** Information shown follows **
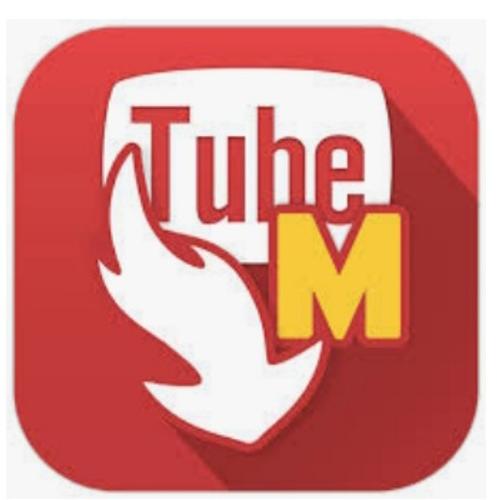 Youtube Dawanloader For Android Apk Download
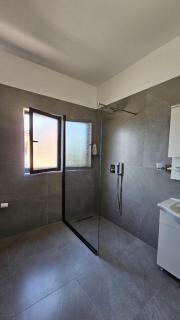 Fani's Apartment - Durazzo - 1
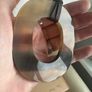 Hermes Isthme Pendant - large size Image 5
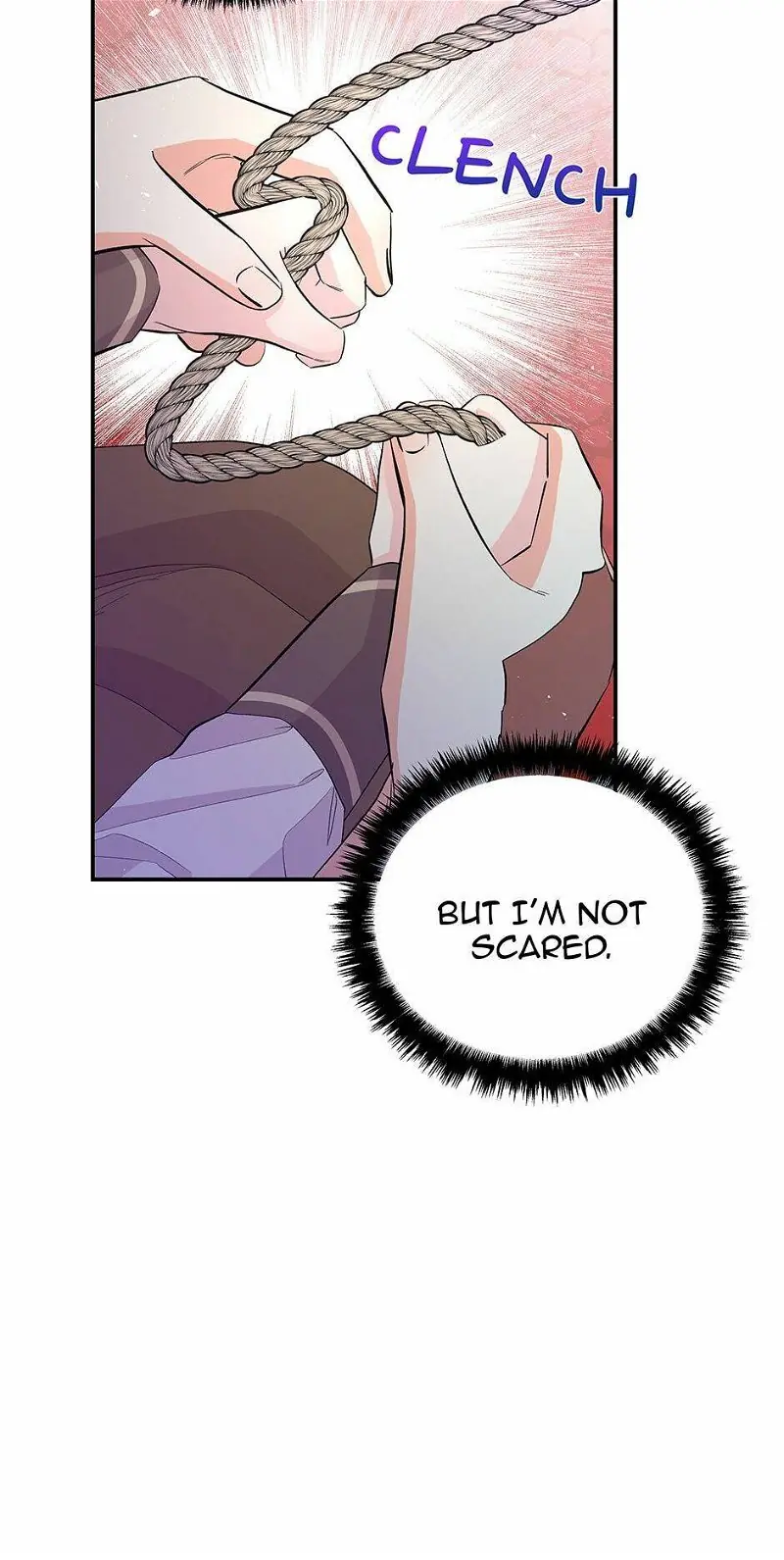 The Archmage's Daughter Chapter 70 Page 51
** End of Information shown **
Every word of the material above should be copied exactly; no pictures.

* [Answer to this exercise]
 Youtube Dawanloader For Android Apk Download
 Fani's Apartment - Durazzo - 1
 Hermes Isthme Pendant - large size Image 5
 The Archmage's Daughter Chapter 70 Page 51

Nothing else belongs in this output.